▶ WORK INSTRUCTIONS
When you retype the data, keep every word exactly and include none of the pictures.

▶ GIVEN INFORMATION

Start of Block

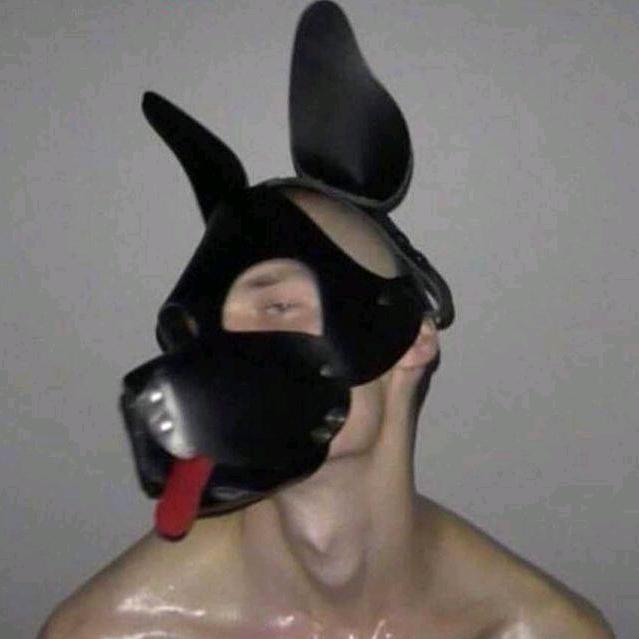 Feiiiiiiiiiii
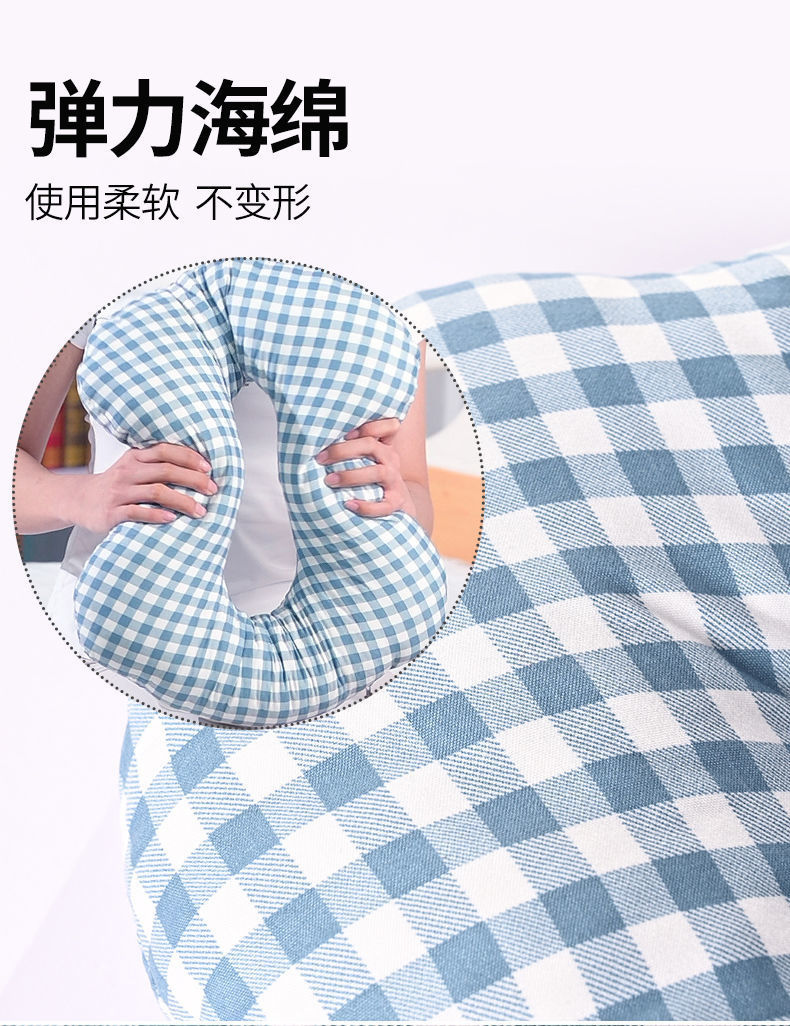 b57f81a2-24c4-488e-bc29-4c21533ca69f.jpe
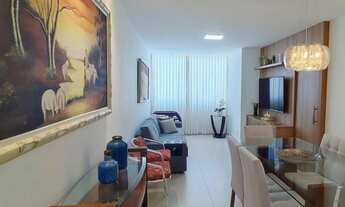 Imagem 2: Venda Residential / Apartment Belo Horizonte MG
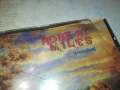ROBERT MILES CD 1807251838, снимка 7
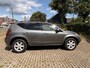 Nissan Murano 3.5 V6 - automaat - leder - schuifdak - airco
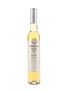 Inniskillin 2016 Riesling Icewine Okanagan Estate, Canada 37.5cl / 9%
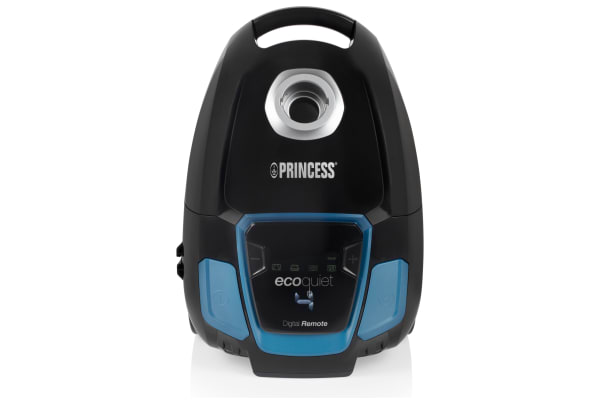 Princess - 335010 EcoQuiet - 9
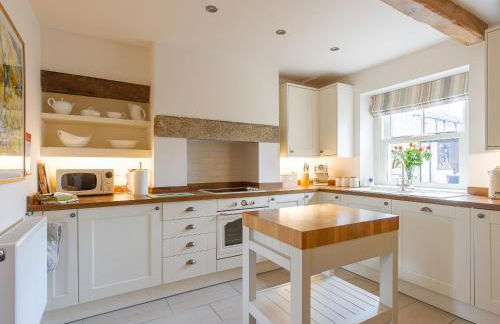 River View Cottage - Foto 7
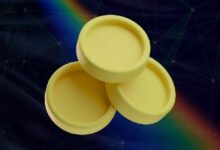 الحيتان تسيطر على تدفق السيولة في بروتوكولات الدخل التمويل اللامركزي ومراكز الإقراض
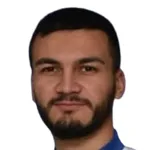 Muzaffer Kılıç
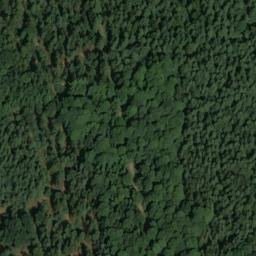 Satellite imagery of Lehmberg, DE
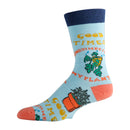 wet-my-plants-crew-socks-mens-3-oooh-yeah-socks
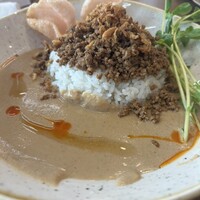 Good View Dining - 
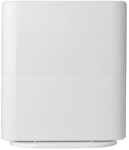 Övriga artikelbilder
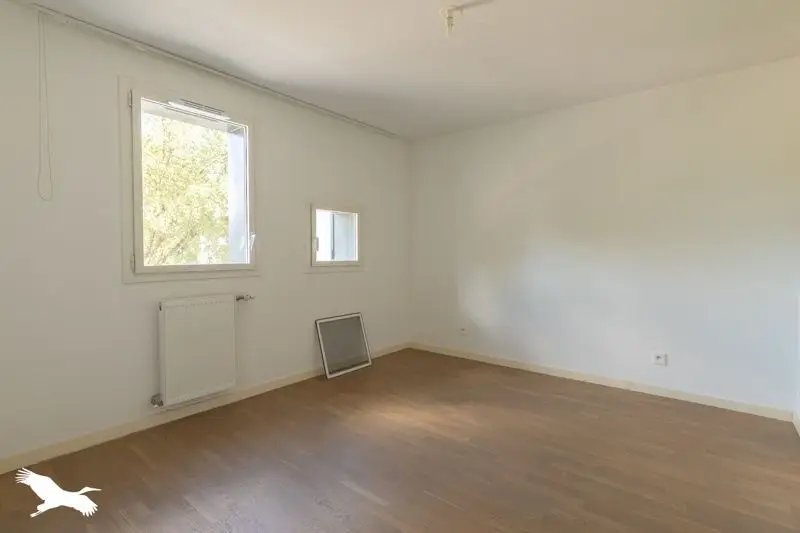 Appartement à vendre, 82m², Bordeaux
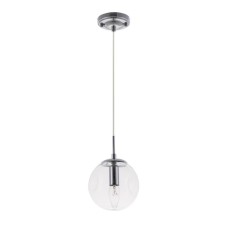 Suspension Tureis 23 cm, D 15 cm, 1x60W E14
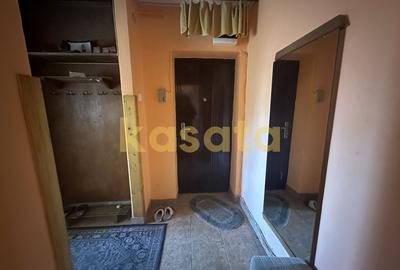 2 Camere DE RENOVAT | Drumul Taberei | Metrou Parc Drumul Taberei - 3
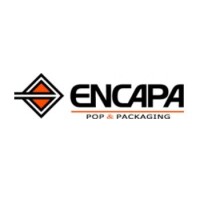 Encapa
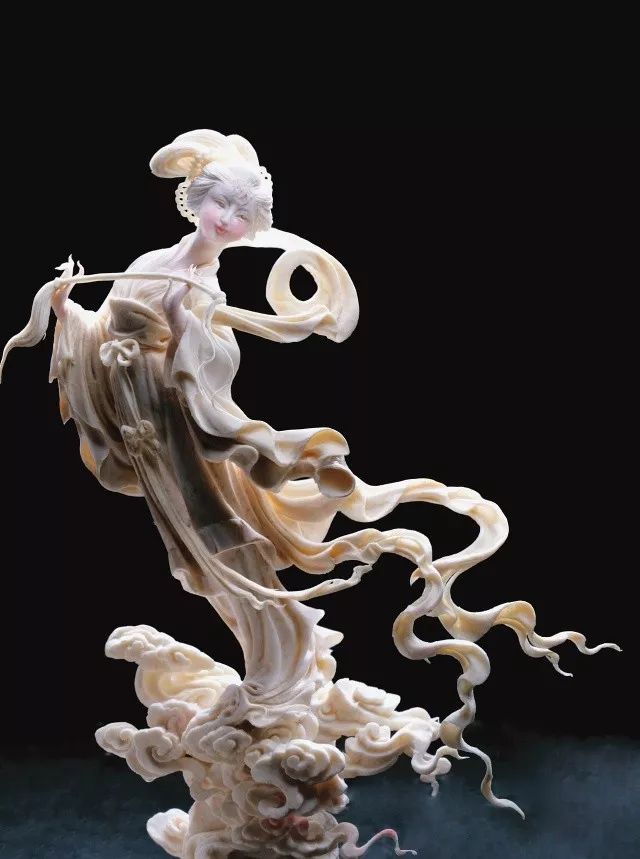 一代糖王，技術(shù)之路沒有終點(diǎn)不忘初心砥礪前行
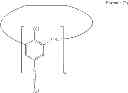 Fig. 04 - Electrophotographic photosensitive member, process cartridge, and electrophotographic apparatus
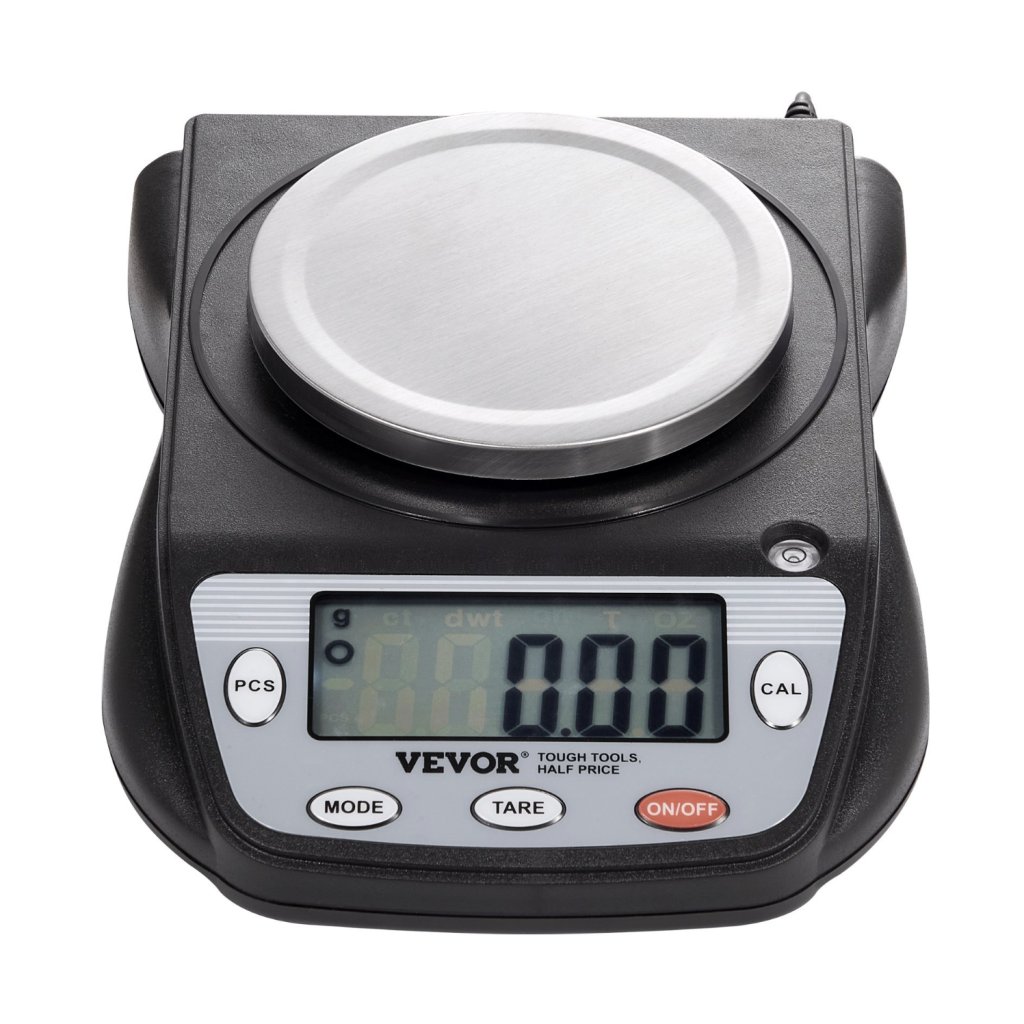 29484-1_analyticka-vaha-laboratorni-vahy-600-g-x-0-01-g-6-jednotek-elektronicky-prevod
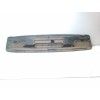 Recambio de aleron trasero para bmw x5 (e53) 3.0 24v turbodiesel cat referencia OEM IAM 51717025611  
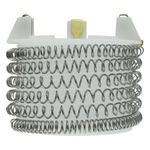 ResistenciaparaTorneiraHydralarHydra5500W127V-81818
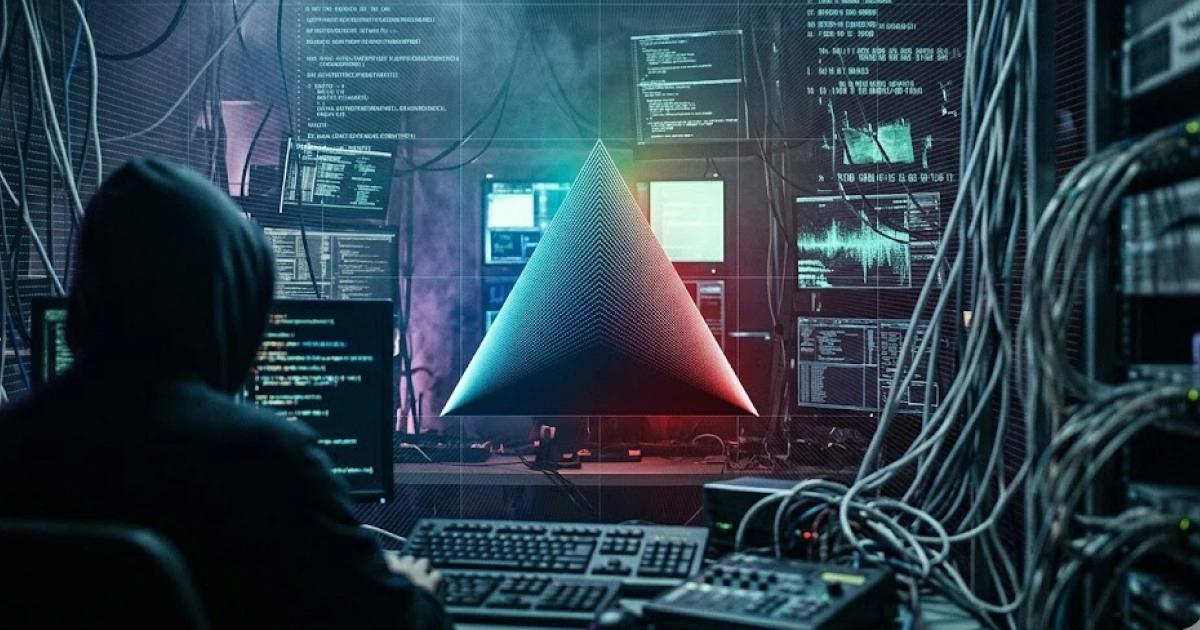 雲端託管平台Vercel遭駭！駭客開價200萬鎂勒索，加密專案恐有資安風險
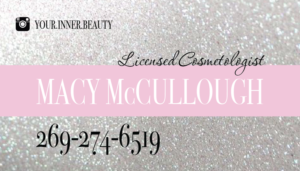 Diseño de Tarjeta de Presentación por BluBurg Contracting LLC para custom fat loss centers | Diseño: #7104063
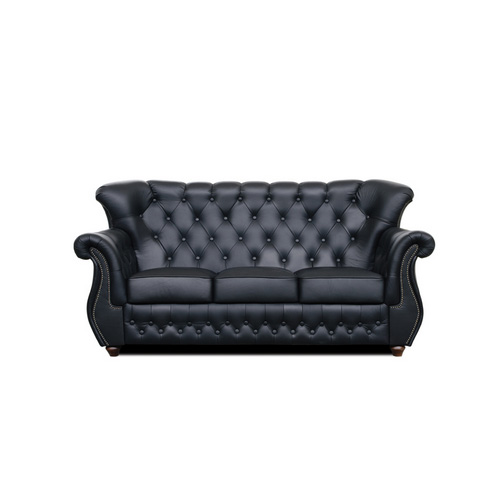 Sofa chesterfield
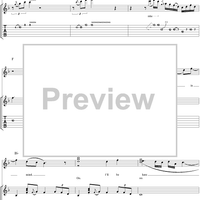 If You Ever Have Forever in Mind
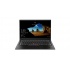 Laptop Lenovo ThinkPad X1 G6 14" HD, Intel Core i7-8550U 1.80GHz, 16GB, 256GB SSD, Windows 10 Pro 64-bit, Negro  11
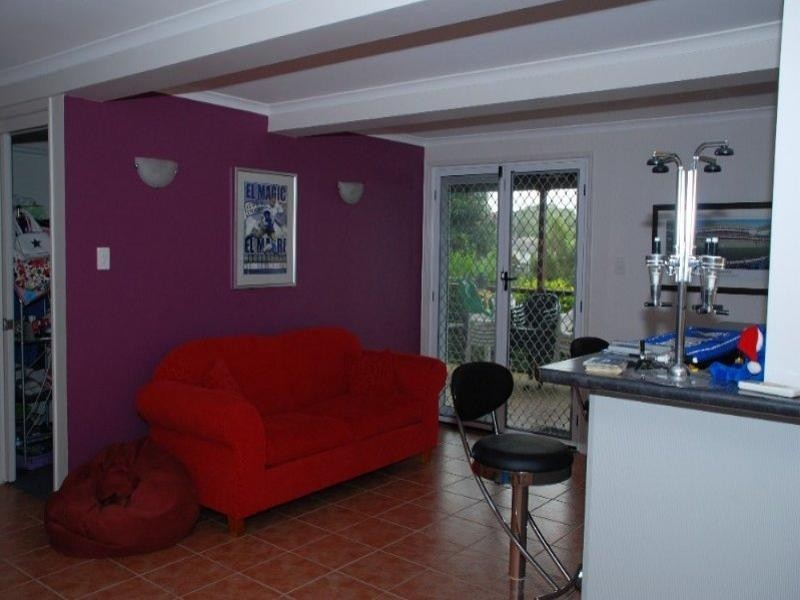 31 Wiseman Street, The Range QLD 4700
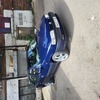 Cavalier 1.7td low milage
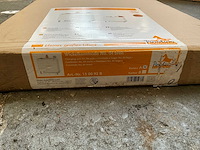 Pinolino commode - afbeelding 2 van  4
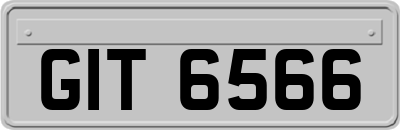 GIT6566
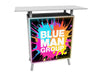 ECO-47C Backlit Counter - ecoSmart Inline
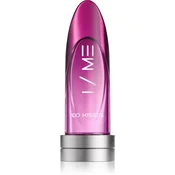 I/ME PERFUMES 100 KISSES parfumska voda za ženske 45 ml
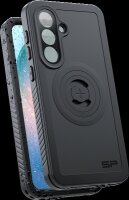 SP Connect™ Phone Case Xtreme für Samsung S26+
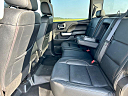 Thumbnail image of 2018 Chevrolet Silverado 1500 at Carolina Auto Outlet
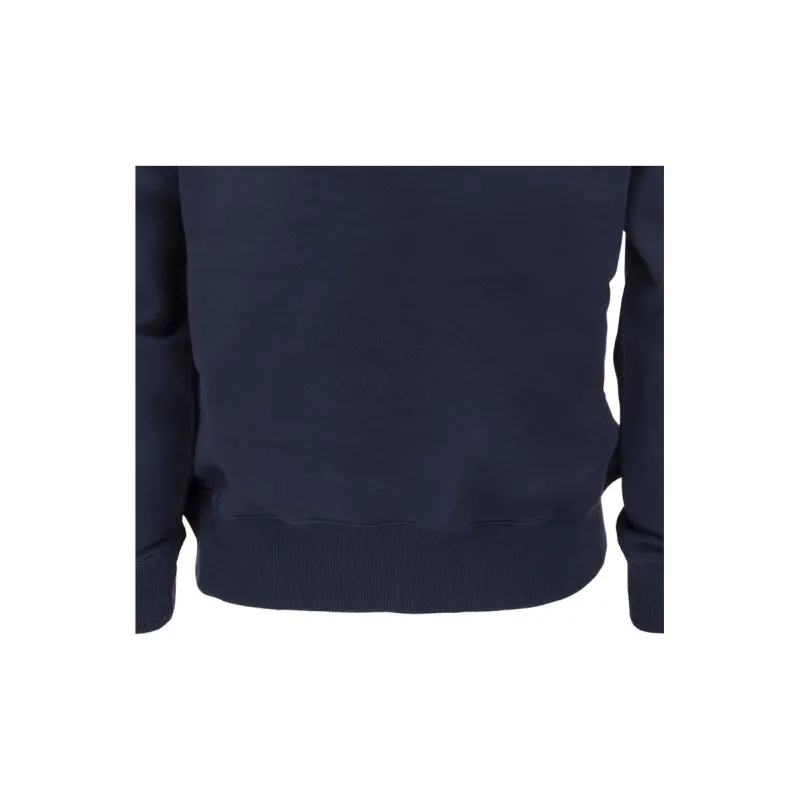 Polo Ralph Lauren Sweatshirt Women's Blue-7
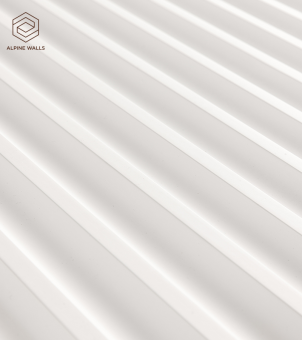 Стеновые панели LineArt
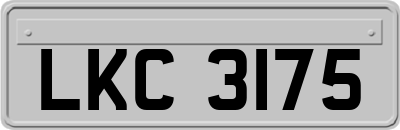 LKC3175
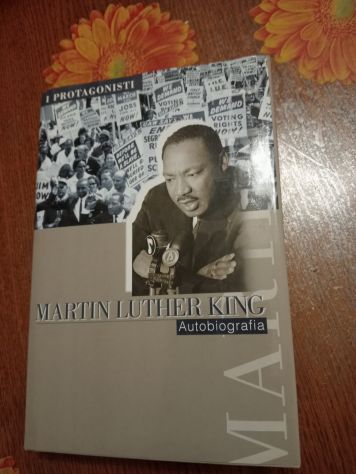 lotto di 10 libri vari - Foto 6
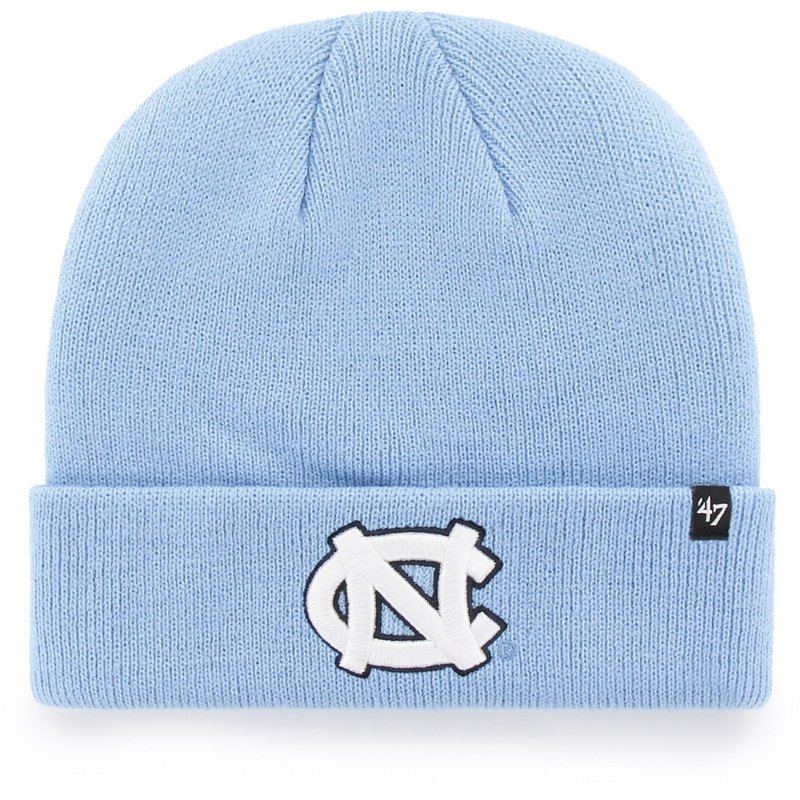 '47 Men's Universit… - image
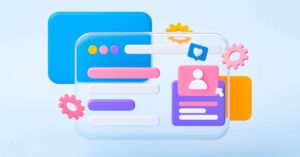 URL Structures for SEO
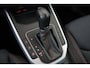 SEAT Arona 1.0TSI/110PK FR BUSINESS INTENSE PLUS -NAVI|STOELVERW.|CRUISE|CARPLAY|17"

End of Block

▶ RESULT
 Feiiiiiiiiiii
 b57f81a2-24c4-488e-bc29-4c21533ca69f.jpe
 Imagem 2: Venda Residential / Apartment Belo Horizonte MG
ROBERT MILES CD 1807251838, снимка 7
 Nissan Murano 3.5 V6 - automaat - leder - schuifdak - airco
 Inniskillin 2016 Riesling Icewine Okanagan Estate, Canada 37.5cl / 9%
 Princess - 335010 EcoQuiet - 9
 River View Cottage - Foto 7
 الحيتان تسيطر على تدفق السيولة في بروتوكولات الدخل التمويل اللامركزي ومراكز الإقراض
 Muzaffer Kılıç
 Satellite imagery of Lehmberg, DE
 wet-my-plants-crew-socks-mens-3-oooh-yeah-socks
 Good View Dining - 
 Övriga artikelbilder
 Appartement à vendre, 82m², Bordeaux
 Suspension Tureis 23 cm, D 15 cm, 1x60W E14
 2 Camere DE RENOVAT | Drumul Taberei | Metrou Parc Drumul Taberei - 3
 Encapa
 一代糖王，技術(shù)之路沒有終點(diǎn)不忘初心砥礪前行
 Fig. 04 - Electrophotographic photosensitive member, process cartridge, and electrophotographic apparatus
 29484-1_analyticka-vaha-laboratorni-vahy-600-g-x-0-01-g-6-jednotek-elektronicky-prevod
 Recambio de aleron trasero para bmw x5 (e53) 3.0 24v turbodiesel cat referencia OEM IAM 51717025611  
 ResistenciaparaTorneiraHydralarHydra5500W127V-81818
 雲端託管平台Vercel遭駭！駭客開價200萬鎂勒索，加密專案恐有資安風險
 Diseño de Tarjeta de Presentación por BluBurg Contracting LLC para custom fat loss centers | Diseño: #7104063
 Sofa chesterfield
 If You Ever Have Forever in Mind
 Laptop Lenovo ThinkPad X1 G6 14" HD, Intel Core i7-8550U 1.80GHz, 16GB, 256GB SSD, Windows 10 Pro 64-bit, Negro  11
 31 Wiseman Street, The Range QLD 4700
 Cavalier 1.7td low milage
 Pinolino commode - afbeelding 2 van  4
 GIT6566
 ECO-47C Backlit Counter - ecoSmart Inline
 I/ME PERFUMES 100 KISSES parfumska voda za ženske 45 ml
 SP Connect™ Phone Case Xtreme für Samsung S26+
 Thumbnail image of 2018 Chevrolet Silverado 1500 at Carolina Auto Outlet
 Polo Ralph Lauren Sweatshirt Women's Blue-7
 Стеновые панели LineArt
 LKC3175
 lotto di 10 libri vari - Foto 6
 '47 Men's Universit… - image
 URL Structures for SEO
 SEAT Arona 1.0TSI/110PK FR BUSINESS INTENSE PLUS -NAVI|STOELVERW.|CRUISE|CARPLAY|17"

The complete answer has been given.